- [ABOUT THIS EXERCISE] Could you transcribe each record below exactly as written, setting the pictures aside?
--- DATA TO USE Enclosed Below ---
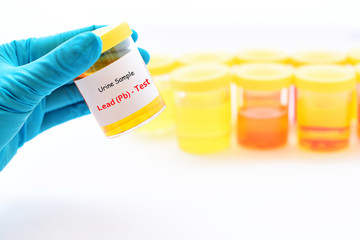 Urine sample for lead (Pb) test

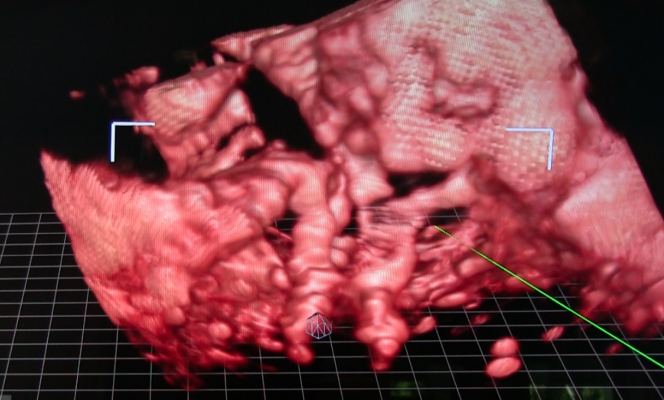 3D TEE, Mitraclip, mitraclip implantation, Echopixel, GE Healthcare, 3D imaging for procedural navigation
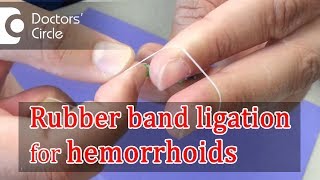 What is Rubber Band Ligation  Dr Rajasekhar M R [upl. by Otilia]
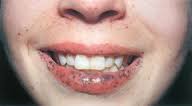 Oral Melanotic Macule in Adults: Condition, Treatments ...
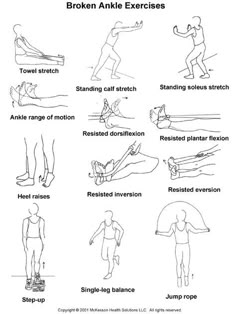 Broken Fibula, Ankle Sprain Recovery, Ankle Strength, Ankle Recovery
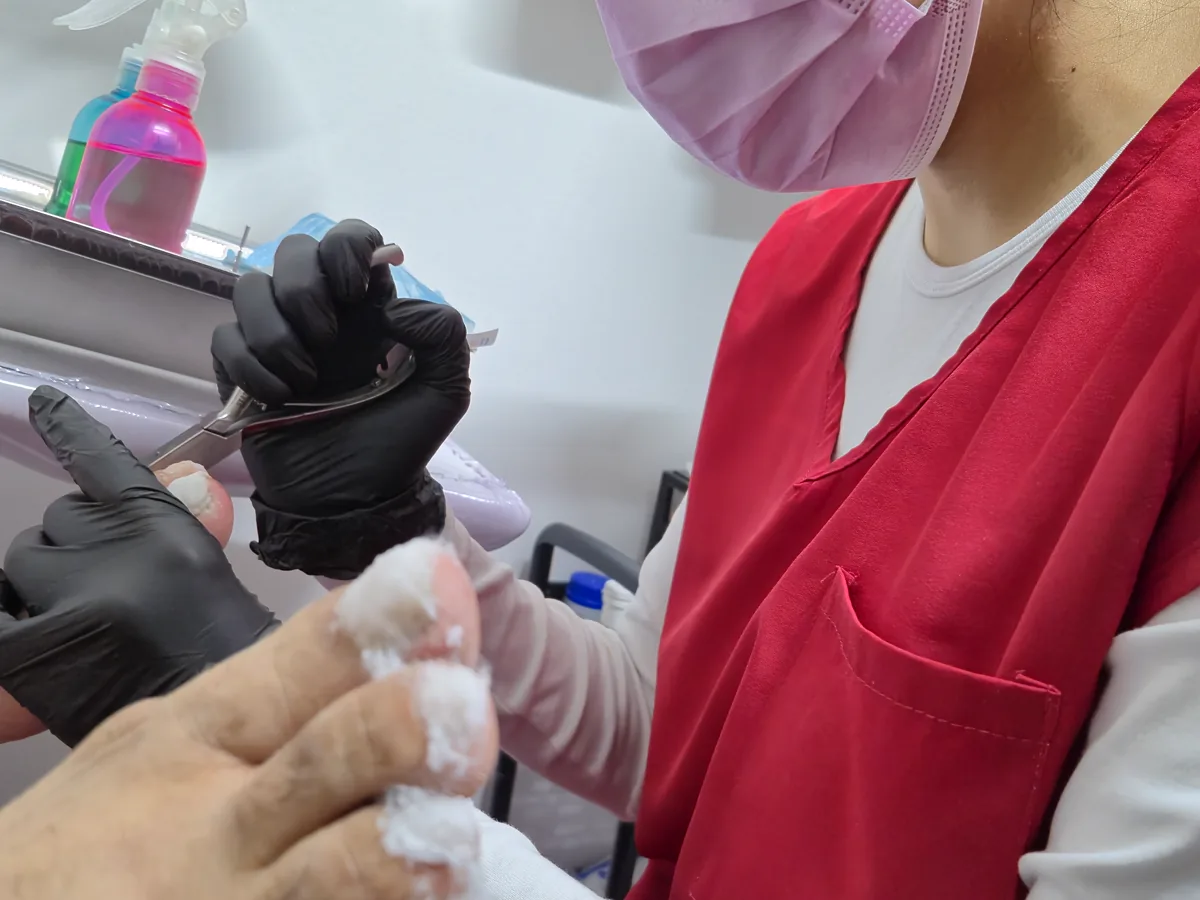 Servicio podológico real realizado en LEXIMAR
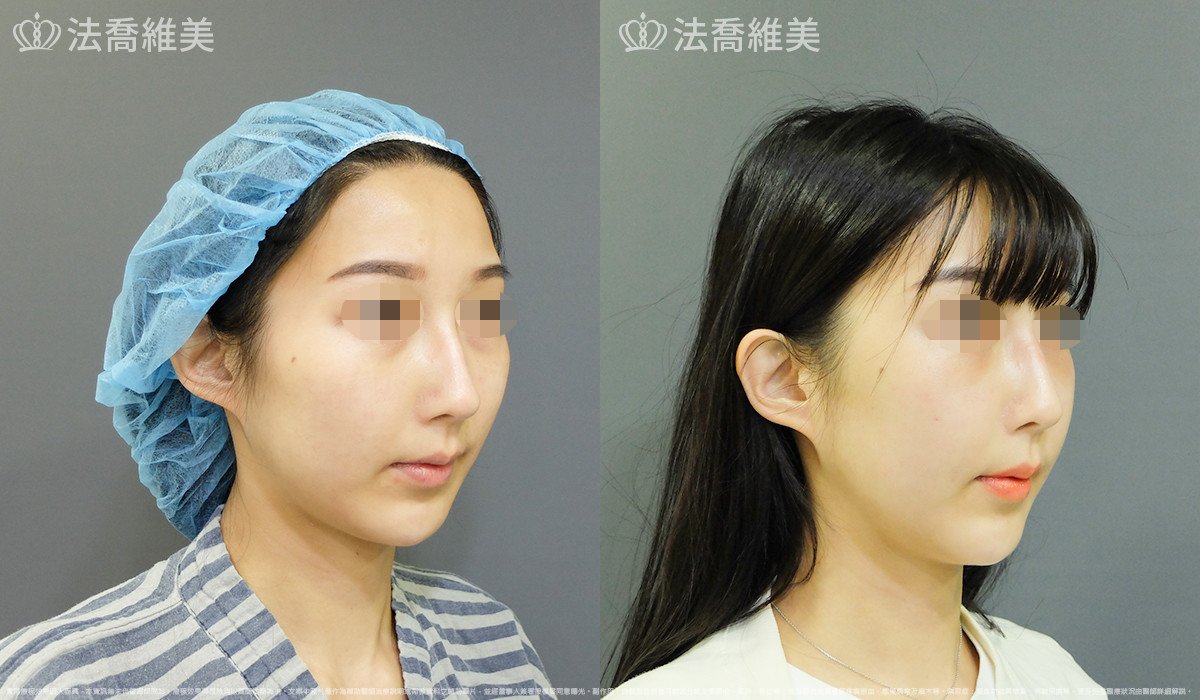 法喬醫美診所,邱浚彥,自體豐全臉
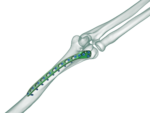 Distal Humerus Posterolateral Anatomik Plak - Görsel 2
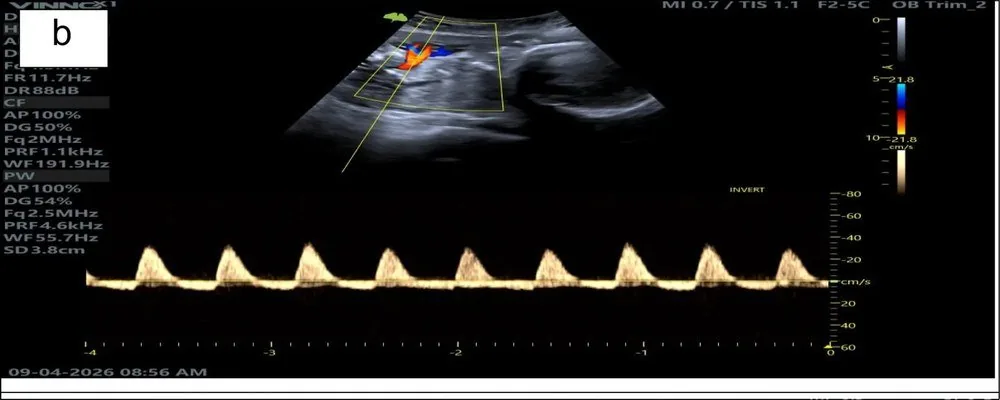 Fetal growth restriction (FGR) – Ultrasound: Umbilical artery with absent end-diastolic flow — the trace drops to the baseline between beats (Photo: Ackah JA, Mensah WS, Chen X, Dyer E, Chukwanugo UC, Ven Emery C, Akudjedu TN. …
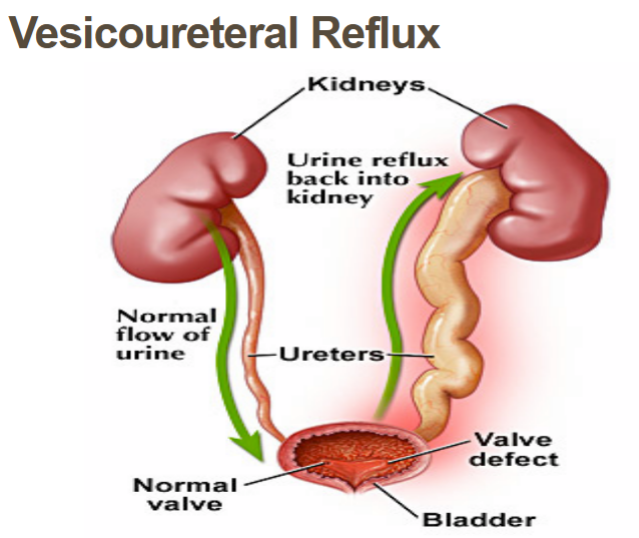<p>disorder of the vesicoureteral junction which causes abnormal backflow of urine into ureters that could lead to hydronephrosis (kidney swelling), tested with voiding cystourethrogram (VCUG): cath puts contrast dye in bladder and child bears down to void to see reflux, treated with reimplantation surgery</p>
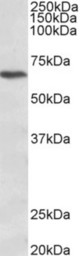 CACNB2 antibody (1 ug/ml) staining of Jurkat lysate (35 ug protein in RIPA buffer). Primary incubation was 1 hour. Detected by chemiluminescence.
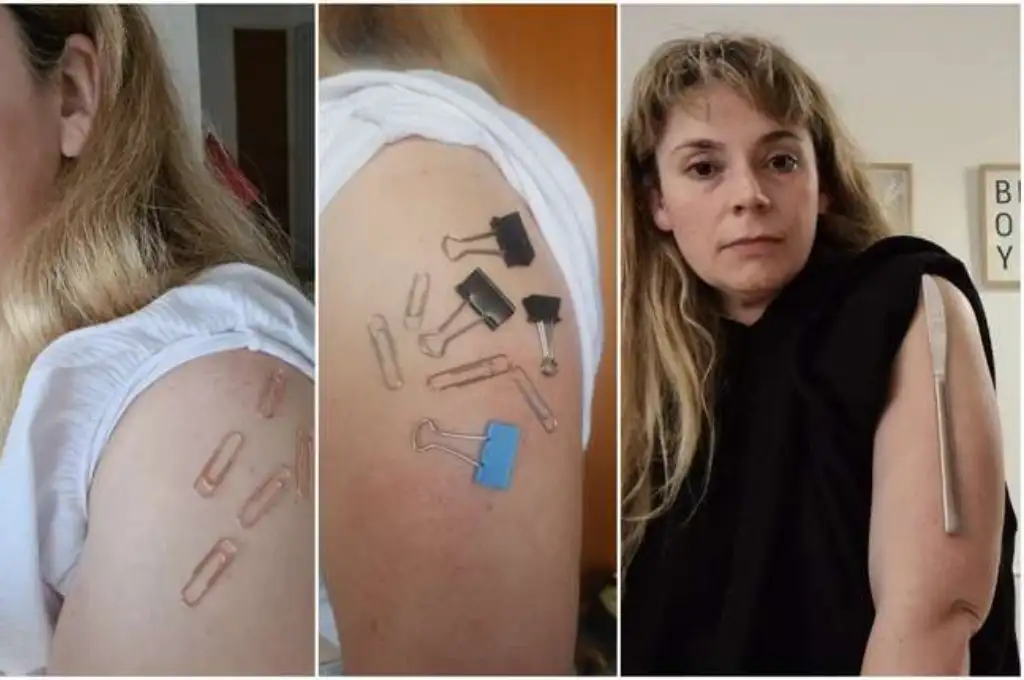 Una mujer denuncia que quedó “imantada” tras vacunarse contra el Covid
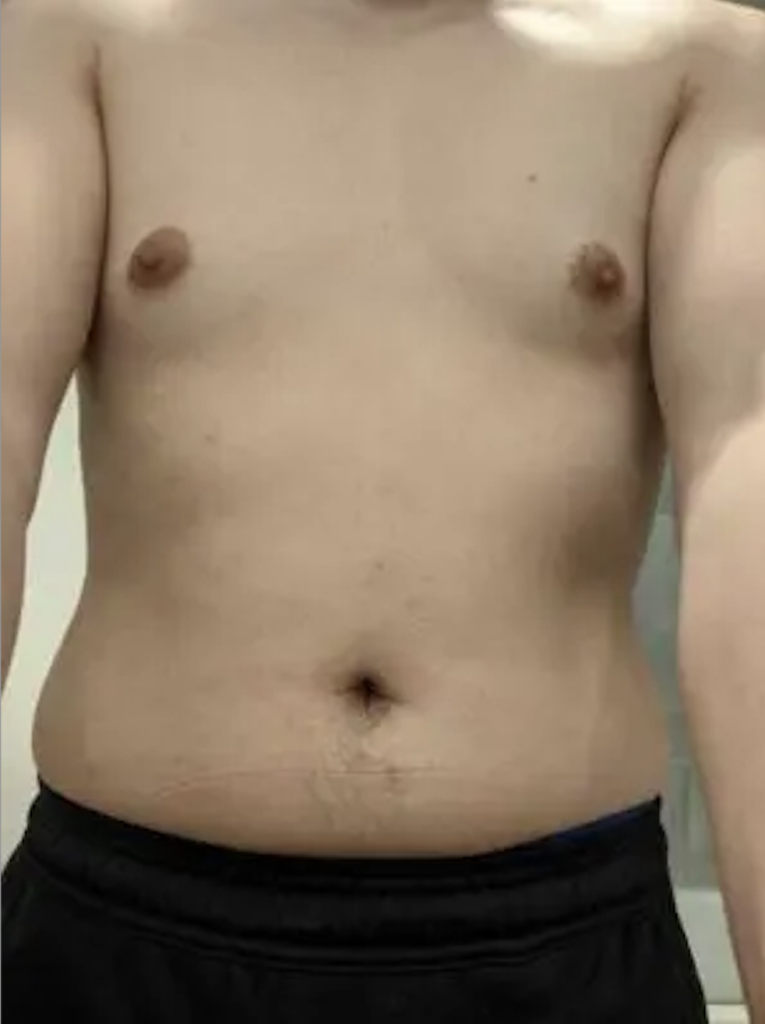 Scientific Body Type Quiz 360 - Front Abdominal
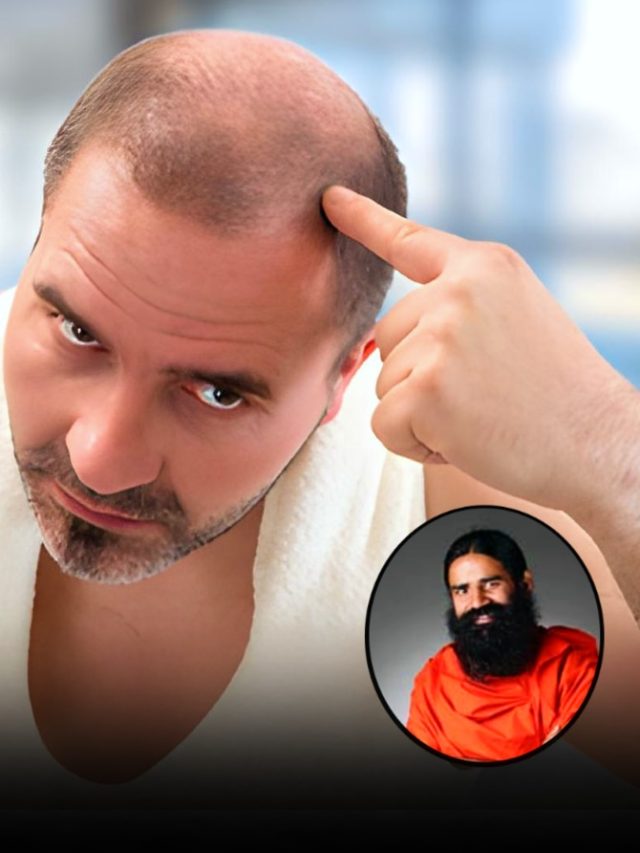गंजे सिर पर बाल उगाने के लिए देसी नुस्खे, स्वामी रामदेव ने बताए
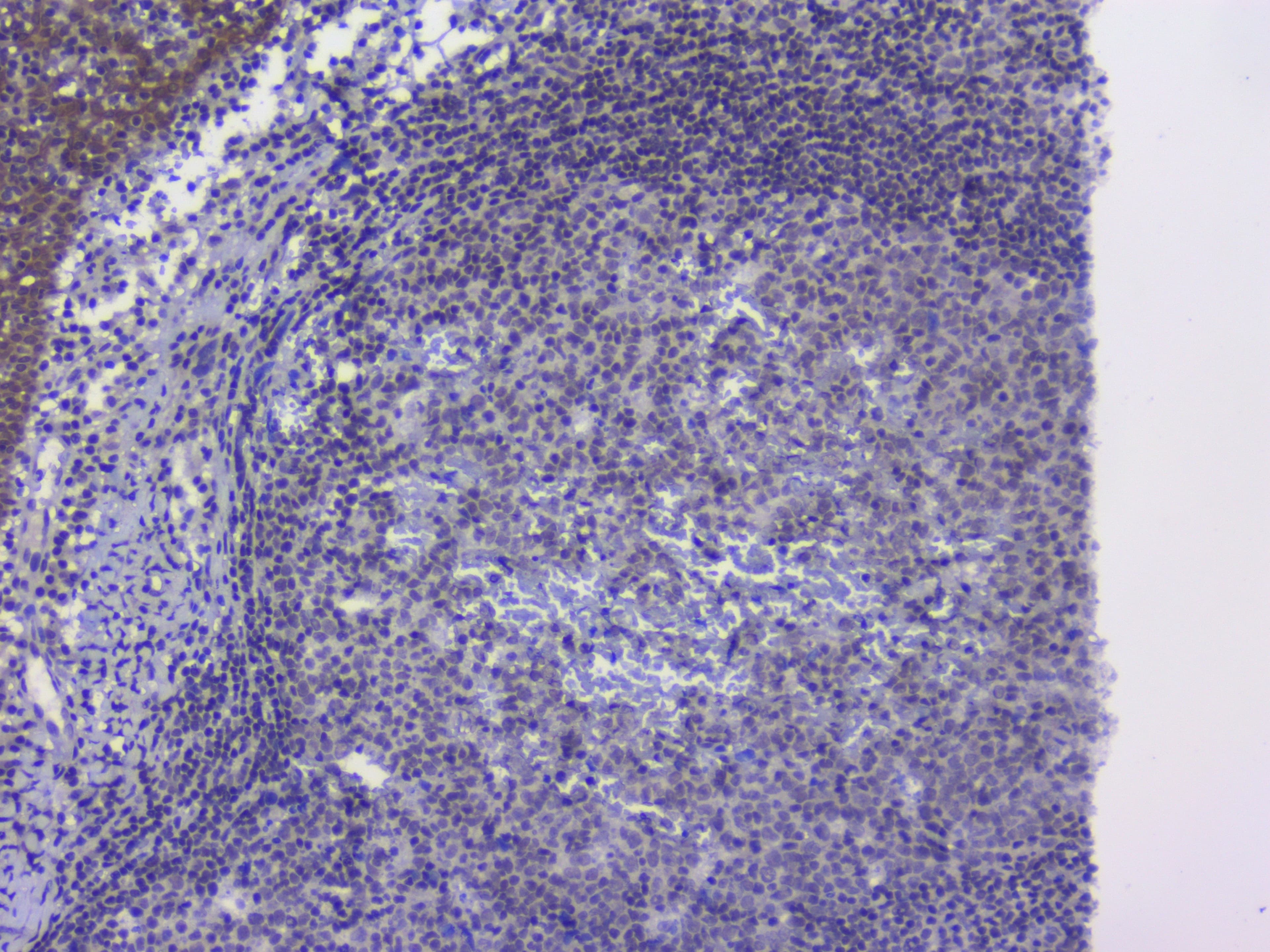 NRF1 / NRF-1 Antibody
--- End of Enclosed DATA TO USE ---
- [OUTPUT FOR THIS EXERCISE]
 Urine sample for lead (Pb) test

 3D TEE, Mitraclip, mitraclip implantation, Echopixel, GE Healthcare, 3D imaging for procedural navigation
 What is Rubber Band Ligation  Dr Rajasekhar M R [upl. by Otilia]
 Oral Melanotic Macule in Adults: Condition, Treatments ...
 Broken Fibula, Ankle Sprain Recovery, Ankle Strength, Ankle Recovery
 Servicio podológico real realizado en LEXIMAR
 法喬醫美診所,邱浚彥,自體豐全臉
 Distal Humerus Posterolateral Anatomik Plak - Görsel 2
 Fetal growth restriction (FGR) – Ultrasound: Umbilical artery with absent end-diastolic flow — the trace drops to the baseline between beats (Photo: Ackah JA, Mensah WS, Chen X, Dyer E, Chukwanugo UC, Ven Emery C, Akudjedu TN. …
<p>disorder of the vesicoureteral junction which causes abnormal backflow of urine into ureters that could lead to hydronephrosis (kidney swelling), tested with voiding cystourethrogram (VCUG): cath puts contrast dye in bladder and child bears down to void to see reflux, treated with reimplantation surgery</p>
 CACNB2 antibody (1 ug/ml) staining of Jurkat lysate (35 ug protein in RIPA buffer). Primary incubation was 1 hour. Detected by chemiluminescence.
 Una mujer denuncia que quedó “imantada” tras vacunarse contra el Covid
 Scientific Body Type Quiz 360 - Front Abdominal
गंजे सिर पर बाल उगाने के लिए देसी नुस्खे, स्वामी रामदेव ने बताए
 NRF1 / NRF-1 Antibody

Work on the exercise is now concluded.